--- Stored data Enclosed Below ---
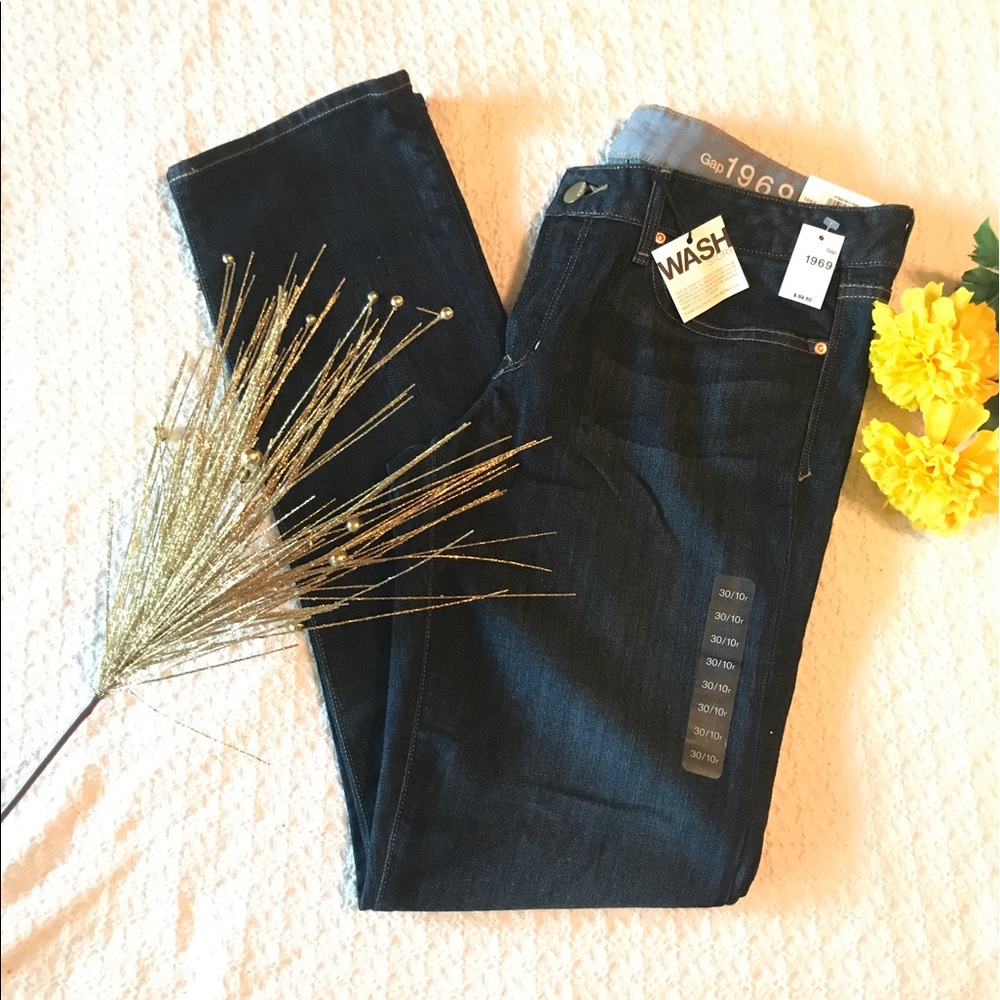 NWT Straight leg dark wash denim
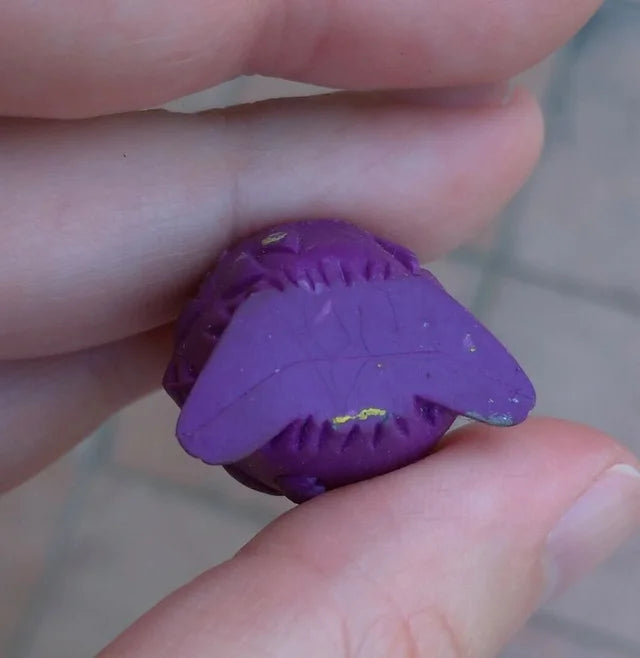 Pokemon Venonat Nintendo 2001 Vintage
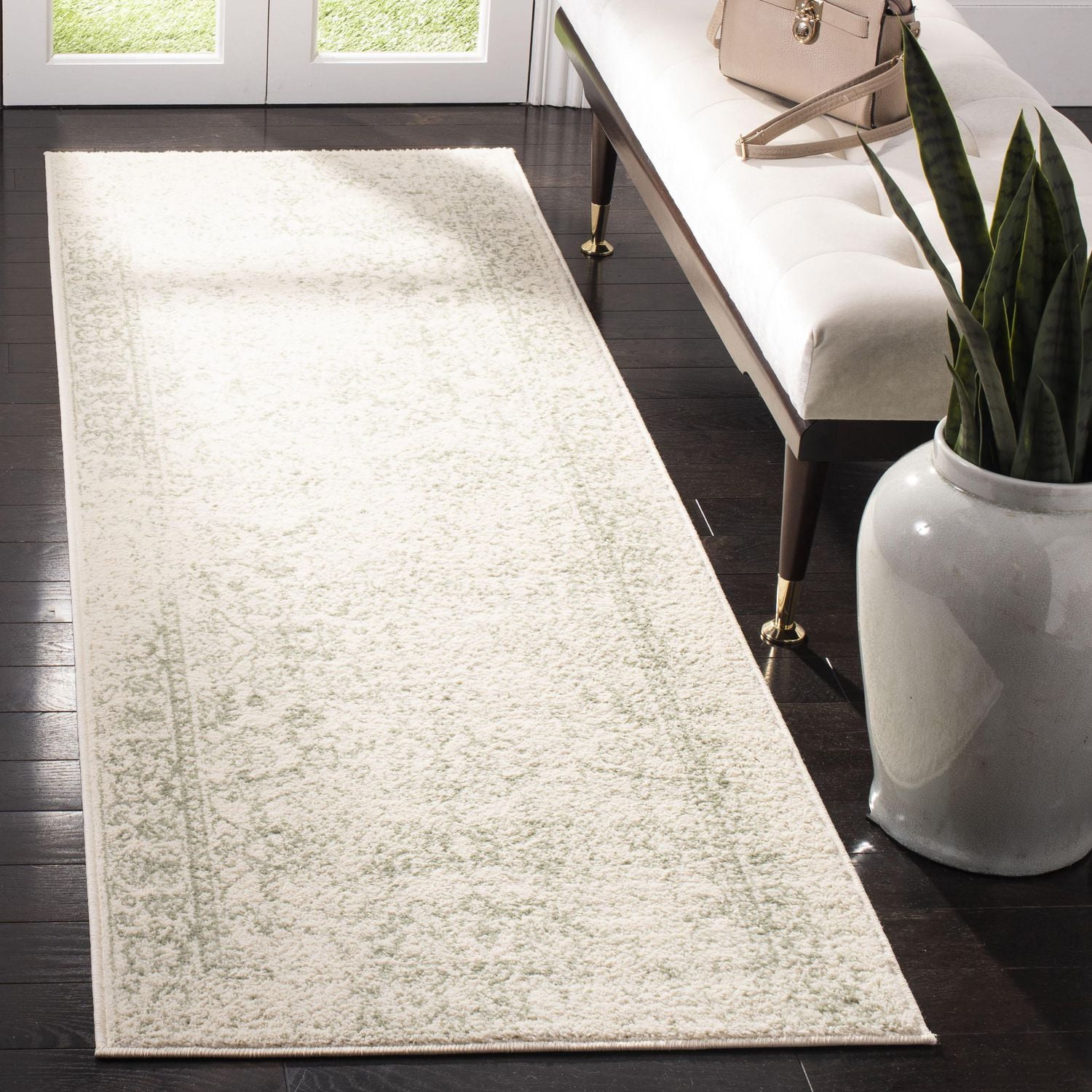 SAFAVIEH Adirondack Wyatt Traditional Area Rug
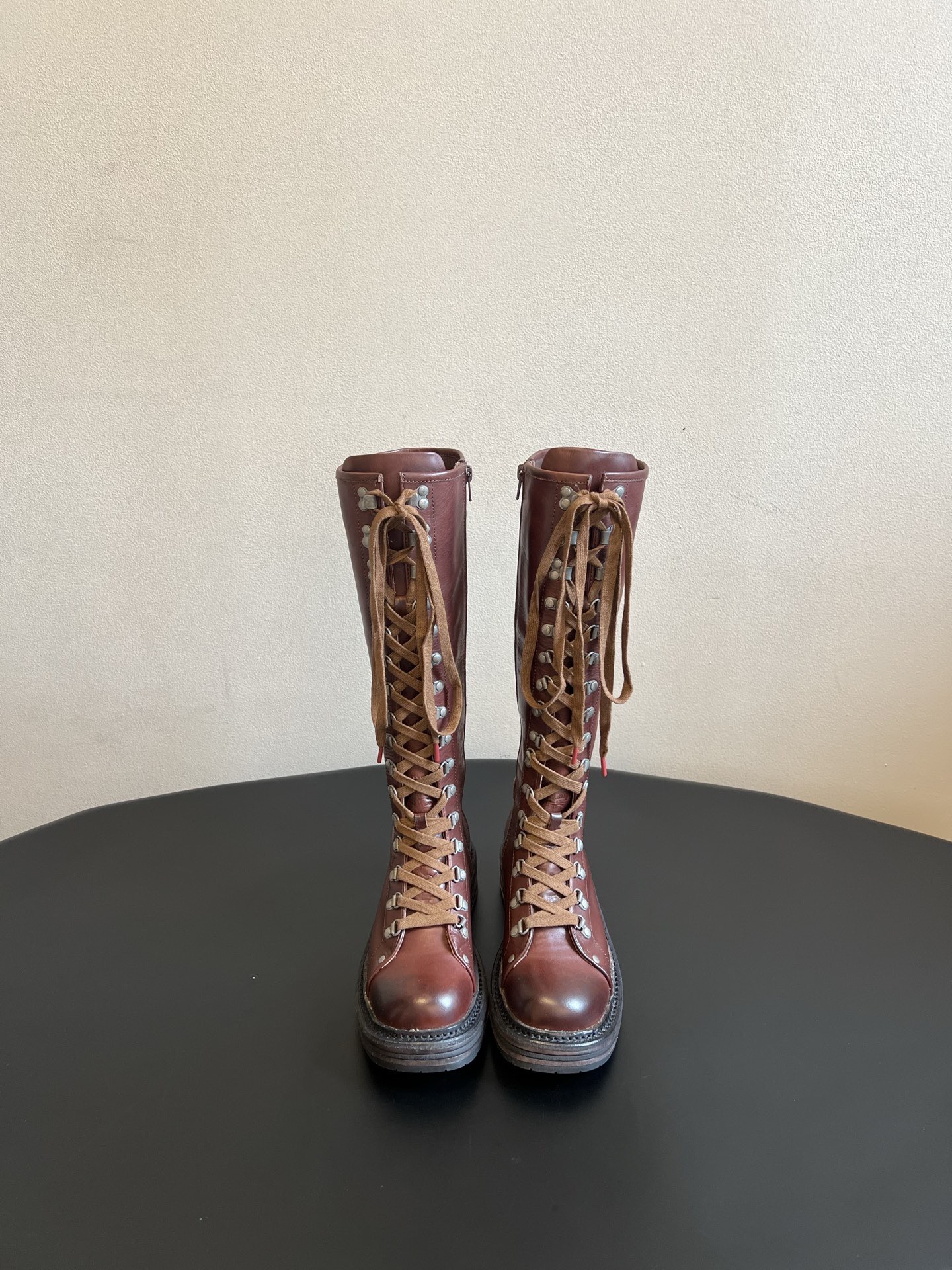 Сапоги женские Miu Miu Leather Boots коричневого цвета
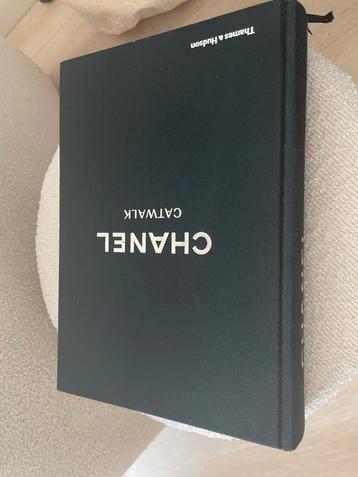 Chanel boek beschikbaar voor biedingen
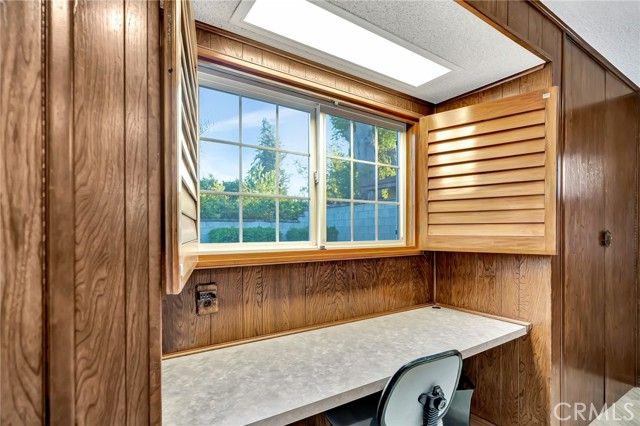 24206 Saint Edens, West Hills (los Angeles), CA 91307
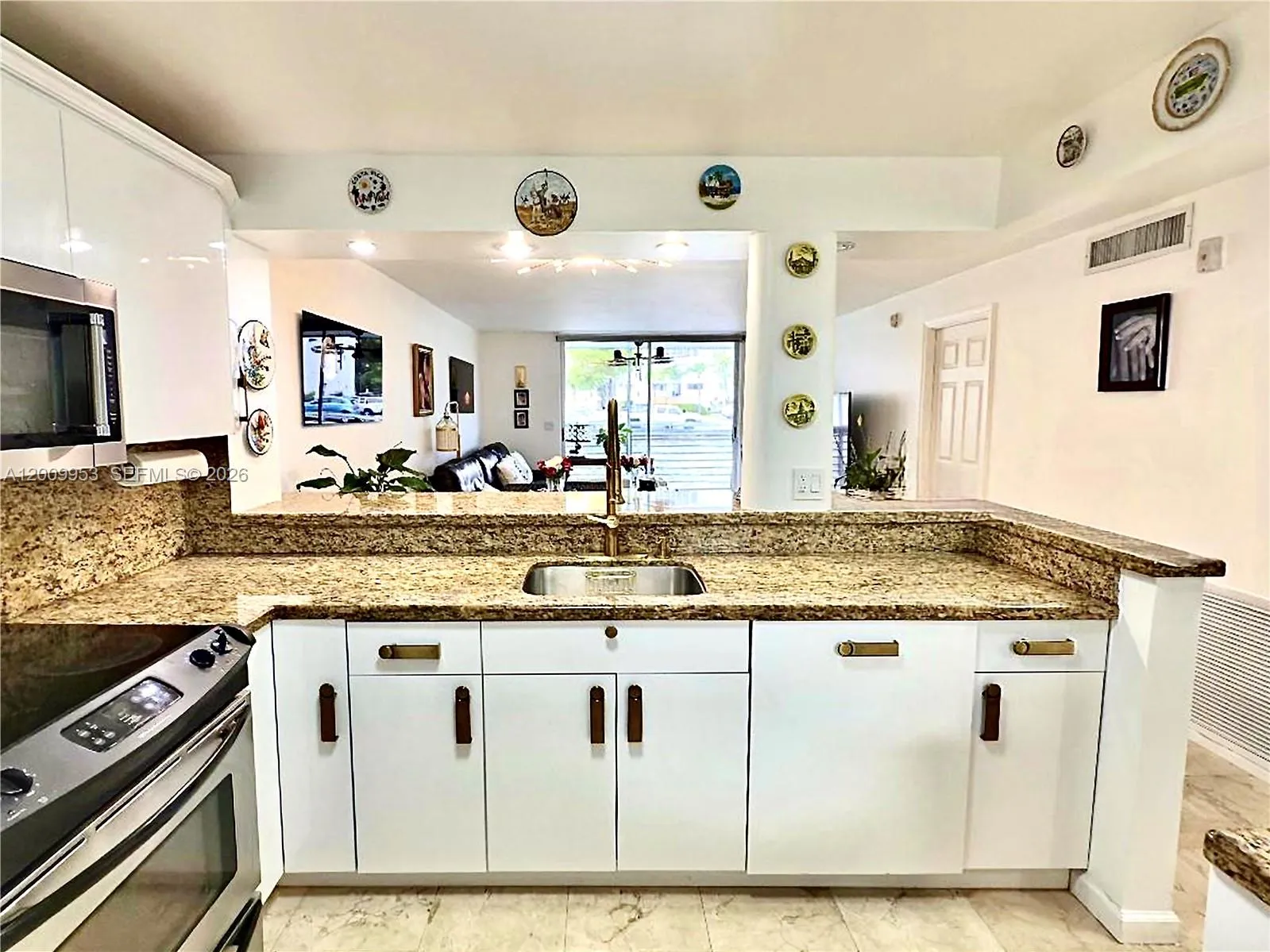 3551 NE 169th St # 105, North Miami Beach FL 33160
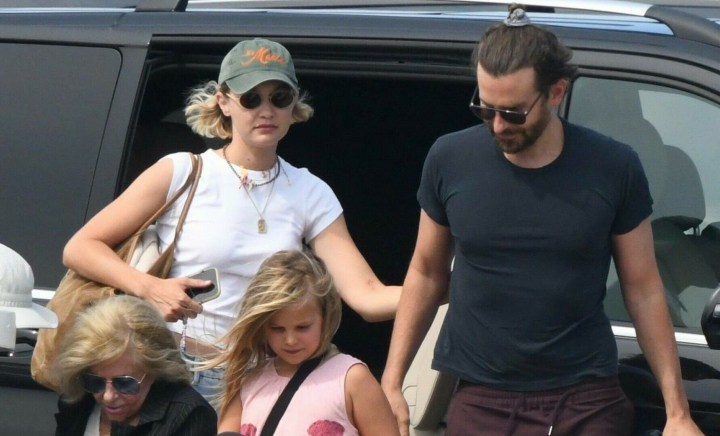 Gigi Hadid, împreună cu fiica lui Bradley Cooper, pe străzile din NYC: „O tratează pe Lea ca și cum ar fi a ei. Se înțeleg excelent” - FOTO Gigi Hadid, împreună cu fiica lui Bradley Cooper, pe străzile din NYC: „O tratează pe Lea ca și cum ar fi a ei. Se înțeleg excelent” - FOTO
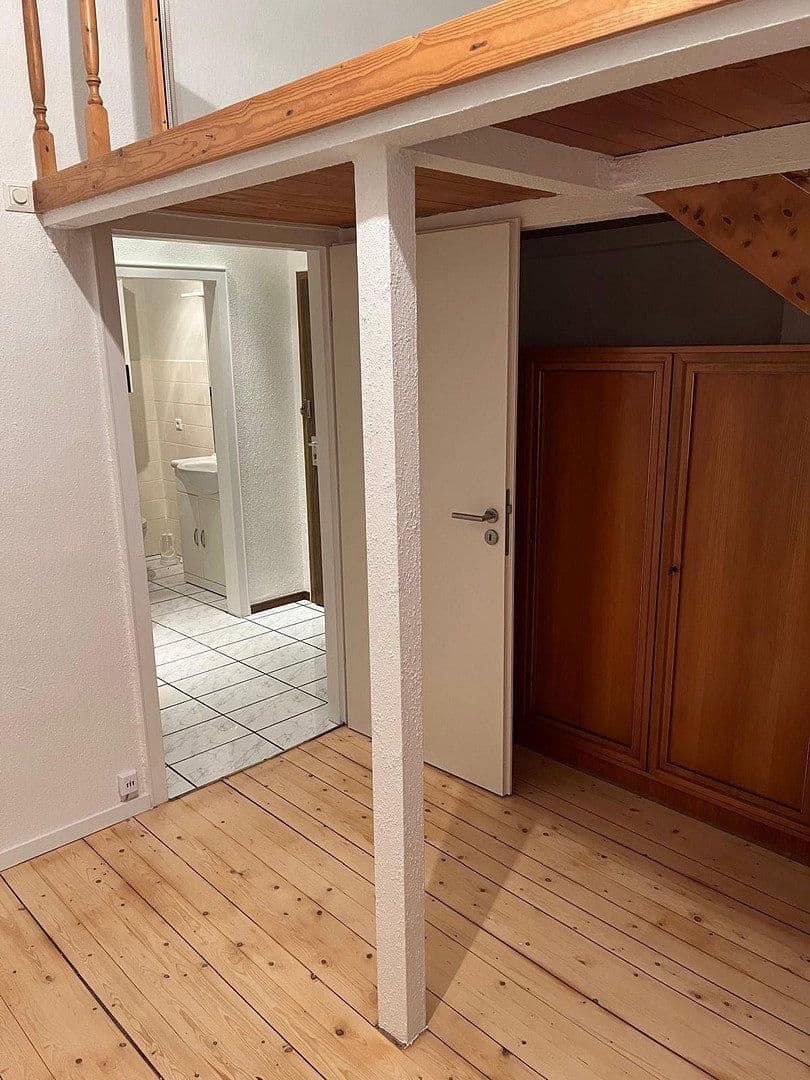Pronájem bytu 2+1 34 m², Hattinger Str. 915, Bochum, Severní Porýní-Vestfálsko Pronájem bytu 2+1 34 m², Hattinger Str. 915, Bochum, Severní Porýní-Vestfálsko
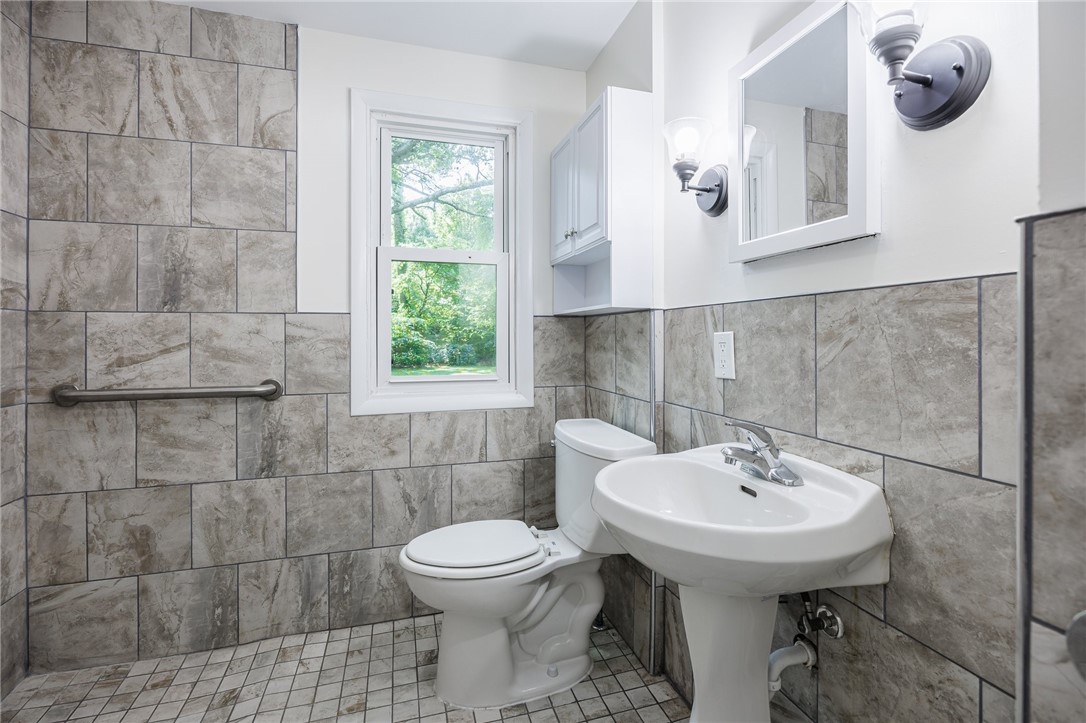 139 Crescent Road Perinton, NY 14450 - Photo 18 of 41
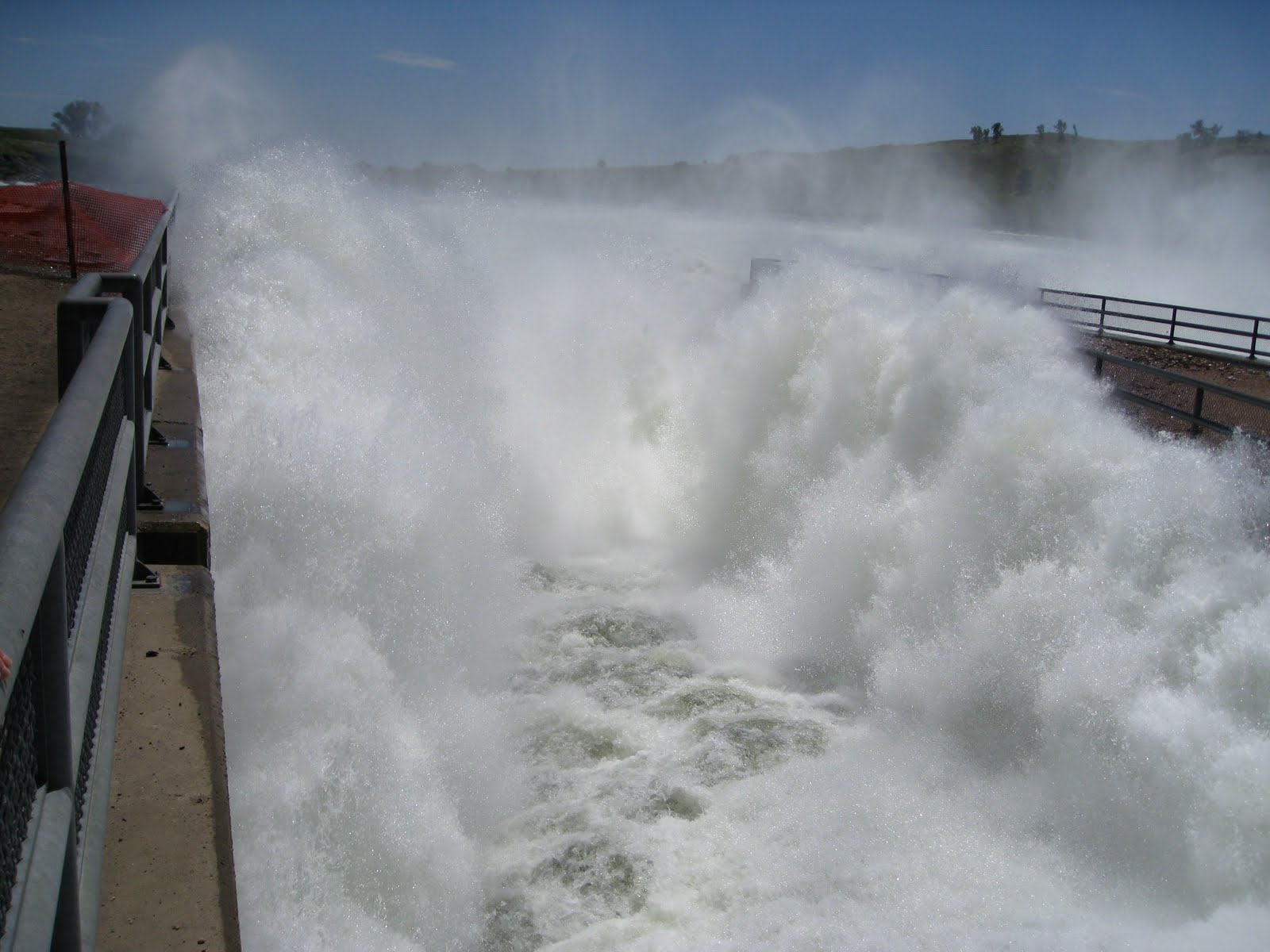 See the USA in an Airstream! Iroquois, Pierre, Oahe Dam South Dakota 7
--- End of Enclosed Stored data ---
Please write out only the material above, exactly, from its first line through the line that contains "- FOTO Gigi", and include no pictures.

 NWT Straight leg dark wash denim
 Pokemon Venonat Nintendo 2001 Vintage
 SAFAVIEH Adirondack Wyatt Traditional Area Rug
 Сапоги женские Miu Miu Leather Boots коричневого цвета
 Chanel boek beschikbaar voor biedingen
 24206 Saint Edens, West Hills (los Angeles), CA 91307
 3551 NE 169th St # 105, North Miami Beach FL 33160
 Gigi Hadid, împreună cu fiica lui Bradley Cooper, pe străzile din NYC: „O tratează pe Lea ca și cum ar fi a ei. Se înțeleg excelent” - FOTO Gigi Hadid, împreună cu fiica lui Bradley Cooper, pe străzile din NYC: „O tratează pe Lea ca și cum ar fi a ei. Se înțeleg excelent” - FOTO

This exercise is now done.